Drops to $0.18 when ‘Death Cross’ price action appears

Dogecoin fell 2.3% to $0.1827 during Tuesday’s trading session, decisively breaking below key support at $0.1830 as the whale distribution accelerated and long-term holders began exiting positions.

The decline came on the back of a deteriorating technical backdrop and increased sales activity across major wallets.

News background

DOGE fell from $0.1870 to $0.1827 across the 24-hour window, carving out a $0.0070 range that marked its third consecutive session with lower highs.

Summary of price action

The drop followed three failed recovery attempts above $0.1860, strengthening resistance at that level.
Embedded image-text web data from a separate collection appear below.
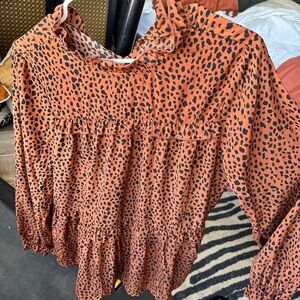 Amazon Rust Animal Print Blouse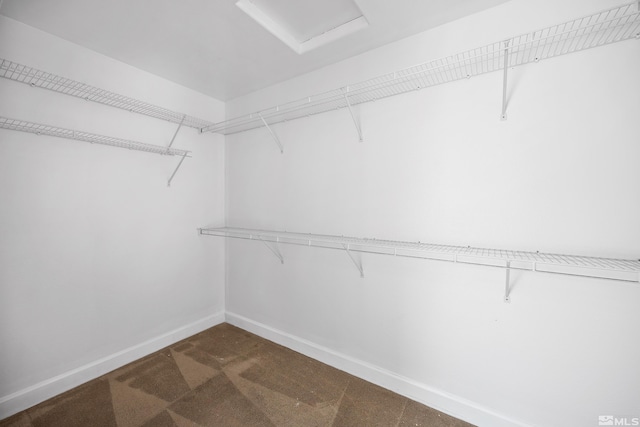 walk in closet featuring dark colored carpet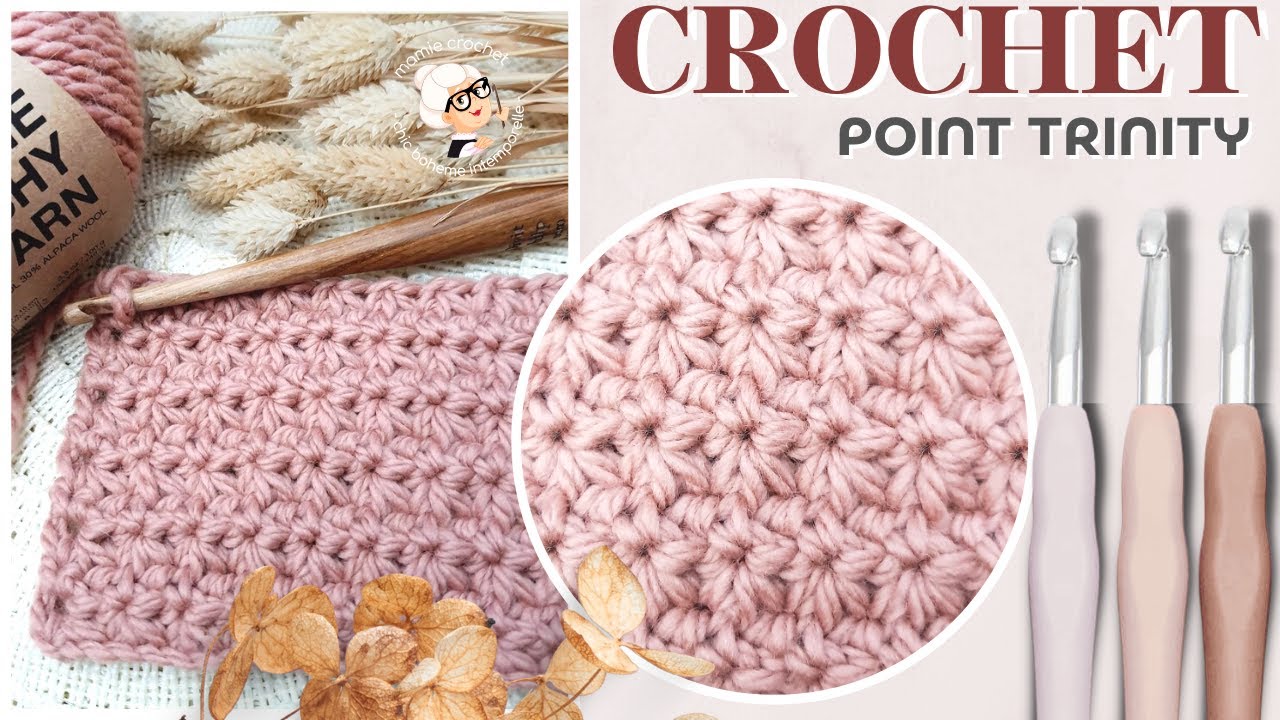 🧶JOLI POINT TRINITY // SIMPLE 1 RANG DE REPETITION ❤ CROCHET TUTO 🧶 pas a pas facile @Mamie Crochet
The heavy distribution continued throughout the US trading window as algorithmic activity added to the selling pressure.
While short-term traders tried to defend $0.1830, long-term wallet data showed a sharp shift in behavior – a clear rotation from accumulation to liquidation.

On-chain measurements confirmed the move: 440 million DOGE were unloaded by mid-tier whales (with 10M-100M tokens) over a 72-hour period. Hodler’s net position change metric recorded 22 million DOGE outflows, a 36% reversal from previous accumulation trends and the biggest decline in nearly a month.

Technical Analysis

Dogecoin’s technical structure has turned into a confirmed bearish trend after breaking the $0.1830 support. A “dead cross” pattern between the 50-day and 200-day EMAs formed in late October, while the 100-day EMA is headed for a similar cross – both reinforcing the downside bias.

Cost base analysis places heavy liquidity between $0.177-$0.179, where around 3.78 billion tokens are concentrated. This area now represents the next critical defense zone for bulls.
Meanwhile, volume analysis highlights sustained institutional activity: The revenue increase of DKK 274.3 million. and the subsequent DKK 15.5 million. burst during the selloff suggests that the distribution may be entering its final phase before the potential base formation.

What traders should see

DOGE acts in a vulnerable position after the collapse. The $0.1830-$0.1850 band remains the immediate focal point, while failure to defend $0.177 could trigger a move towards $0.14 – the next meaningful pocket of liquidity.

Analysts warn that only a sustained pullback to $0.1860 accompanied by above-average volume would negate the current bearish setup. Until then, traders treat short-term rallies as exit opportunities rather than trend reversals.

Whale activity remains the main watchpoint: any sharp decline in the number of large transactions will signal the end of the distribution phase and the start of potential accumulation near cost-based support.